In the evening in kyiv, victim of a wave of attacks the previous night, explosions were again heard by journalists from AFP, the mayor of the capital. Vitali Klitschko, the city’s mayor, reported “explosions and fires”.
Ukraine says it shot down one of its own drones in kyiv after it lost control
The Ukrainian Air Force announced Thursday evening that the drone shot down a few hours earlier over Kiev, causing an explosion followed by a fire, was one of its own, losing control. It was a Bayraktar TB2, made in Turkey.
“Around 8:00 p.m. (17:00 GMT) a Bayraktar TB2 drone lost control during a scheduled flight in the kyiv region […] the target was destroyed,” said the Air Force, citing “probably a technical malfunction.”
“The uncontrolled presence of the drone in the sky of the capital” could indeed “have had undesirable consequences”, she explained before adding that no one had been injured. “It’s a shame, but it’s technology and these things happen,” she added, referring to a “technical malfunction”.
Crimea: A drone shot down near a Russian airbase in Sevastopol
A drone was also shot down in annexed Crimea on Thursday near a Russian air base in Sevastopol, its governor said, as such incidents increase in the run-up to May 9 military celebrations in Russia.
“A new attack on Sevastopol”, wrote on Telegram Mikhail Razvojayev, governor of this city, home port of the Russian Black Sea Fleet. “A drone was shot down near the Belbek airbase,” he said, assuring that “no site was damaged and the situation is under control”.

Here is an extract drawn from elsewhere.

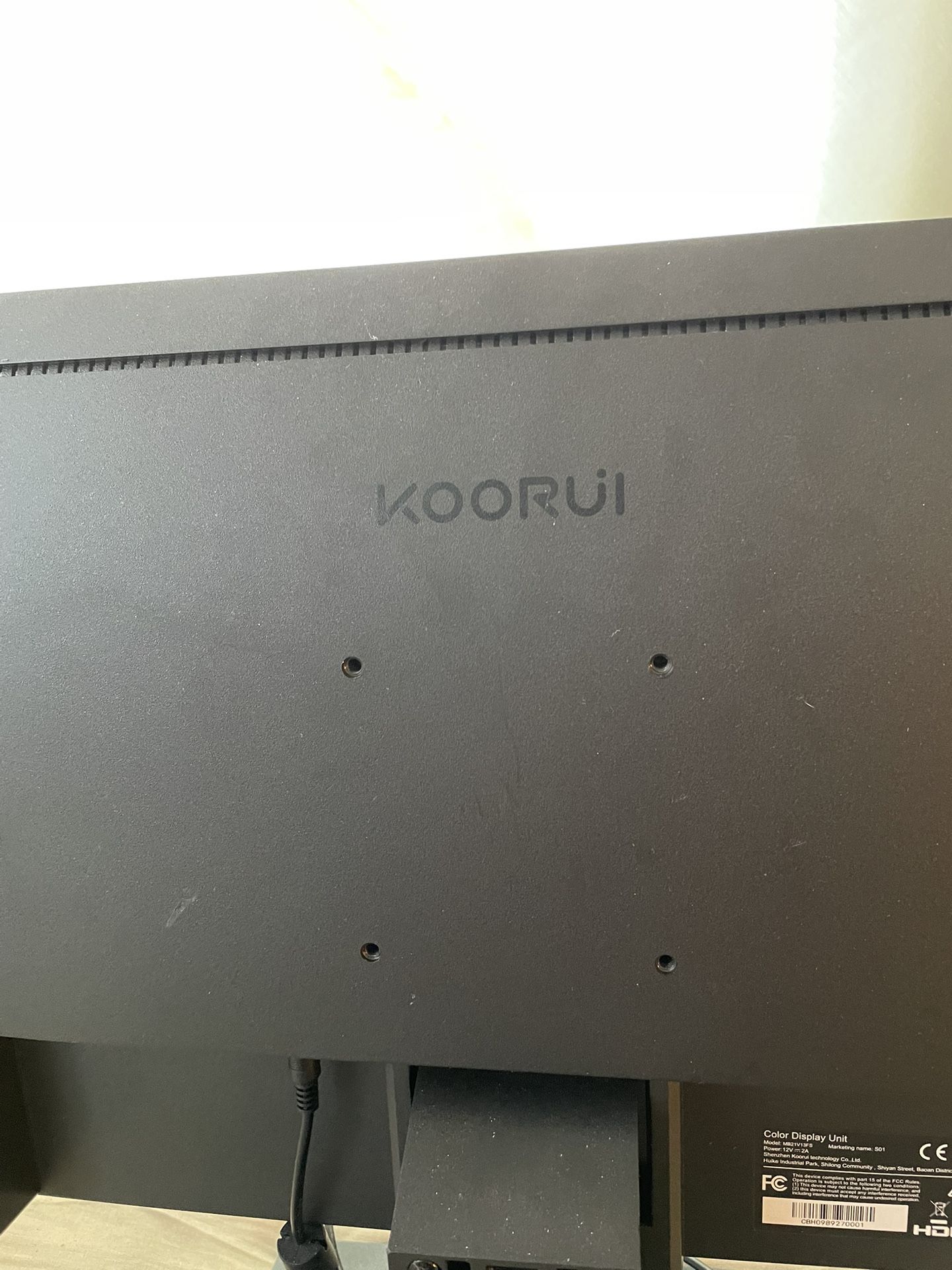 1 Monitor KOOROUI 1080p Full HD Definition /136 Htz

Alleged drone attack on the Kremlin: “strange”, says Paris
The affair of the Ukrainian drones that the Russians say they shot down because they allegedly targeted Vladimir Putin “is strange to say the least”, French Foreign Minister Catherine Colonna said on France Inter on Thursday. Moscow on Wednesday accused Ukraine of targeting the Russian president’s Kremlin residence with two drones, a charge kyiv denies.
Catherine Colonna, however, refused to “indulge in the little game of hypotheses”. The fact that drones reach the Kremlin “is quite difficult to understand in normal situations”, she also reacted. She recalled that the Ukrainians had “officially declared yesterday that they had nothing to do with this event which remains unexplained”. The minister’s remarks aroused the ire of Russian diplomacy on the same day, for which Russia and France are now “irreconcilable adversaries”.
Putin seeks to consolidate gains in Ukraine, Washington says
Russian forces in Ukraine are so weakened that they cannot launch “a significant offensive” and are therefore concentrating on consolidating their gains in occupied territory, US intelligence director Avril Haines said Thursday.
Russian President Vladimir “Putin has likely scaled back his immediate ambitions as he seeks to consolidate control of occupied territories in eastern and southern Ukraine, and to ensure that Ukraine never becomes an ally of NATO,” the official said during a hearing before a parliamentary committee.
But, she said, whatever the outcome of a future Ukrainian offensive – whether it retakes part of the occupied east and south or whether the current stalemate continues – it is unlikely that Vladimir Putin makes concessions in view of peace negotiations. Russia still occupies nearly 20% of Ukraine, including the Crimean peninsula, annexed in 2014.
Zelensky calls for the creation of a special court for the crime of aggression
Volodymyr Zelensky called on Thursday from The Hague for the creation of a special international tribunal for the crime of aggression, calling for “large-scale justice” and not “hybrid impunity”. ‘There should be accountability’ for this crime of aggression, the ‘beginning of evil’, Ukrainian president says in speech to diplomats and other officials in The Hague, referring to invasion of his country by Russia. “It can only be applied by the court,” added the Ukrainian president. But Ukraine “will not accept either a hybrid peace or a hybrid court”, envisaged by other allies of Ukraine, he stressed, however.
The United States notably declared itself in March in favor of the creation of a special tribunal to judge Russian “aggression” in Ukraine, with international funds and personnel but “rooted in the Ukrainian judicial system”.